» **ACTIVITY**
Count the lines in the records below that contain the word "Antibody", and give only that number.

Items from a data source
»»

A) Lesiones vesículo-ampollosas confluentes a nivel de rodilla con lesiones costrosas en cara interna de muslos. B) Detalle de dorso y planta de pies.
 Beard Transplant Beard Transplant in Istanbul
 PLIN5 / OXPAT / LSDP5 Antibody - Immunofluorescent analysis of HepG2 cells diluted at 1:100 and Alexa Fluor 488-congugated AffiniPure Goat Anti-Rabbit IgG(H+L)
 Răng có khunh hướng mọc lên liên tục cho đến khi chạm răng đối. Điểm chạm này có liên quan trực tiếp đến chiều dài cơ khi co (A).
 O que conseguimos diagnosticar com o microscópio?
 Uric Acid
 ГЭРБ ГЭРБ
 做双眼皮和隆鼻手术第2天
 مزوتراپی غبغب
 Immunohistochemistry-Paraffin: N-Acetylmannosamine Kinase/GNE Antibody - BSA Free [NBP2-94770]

««

» **WORKED SOLUTION**
2